I lavori per la costruzione della cattedrale furono avviati solo nel 1634. La prima pietra fu posta dopo quarant’anni dall’ erezione della diocesi, nel giugno del 1564. Il progetto è attribuito a Benvenuto Tortelli, architetto bresciano, particolarmente attivo nel napoletano. Lo sforzo compiuto dai campagnesi fu enorme e altrettanto coraggioso e generoso fu l’impegno nel contribuire ai finanziamenti.
La nuova cattedrale fu solennemente consacrata nel 1683, ma la fabbrica dei lavori continuò ad oltranza, anche nel secolo successivo, per il completamento delle rifiniture interne e delle decorazioni. Nel 1800, mons. Salvatore Nappi, arcivescovo di Conza e amministratore di Campagna (1879-1896), volle decorare l’interno della cattedrale in stile tardo barocco, affidando l’opera all’artista bolognese Rinaldo Casanova.

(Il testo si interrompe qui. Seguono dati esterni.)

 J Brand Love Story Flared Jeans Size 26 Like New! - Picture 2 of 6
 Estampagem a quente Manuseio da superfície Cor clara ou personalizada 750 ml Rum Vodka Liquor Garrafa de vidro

Gravemente danneggiata durante il sisma del 1980, fu sottoposta ad un lungo periodo di restauro, conclusosi nell’anno giubilare.
La cattedrale custodisce alcune opere preziose: un organo e un pulpito in marmi policromi del XVIII secolo, una statua in pietra della Madonna della Pace, risalente al XV secolo, una statua in legno raffigurante la Madonna con il Bambino del XIV secolo ed un Crocifisso ligneo del XVIII secolo.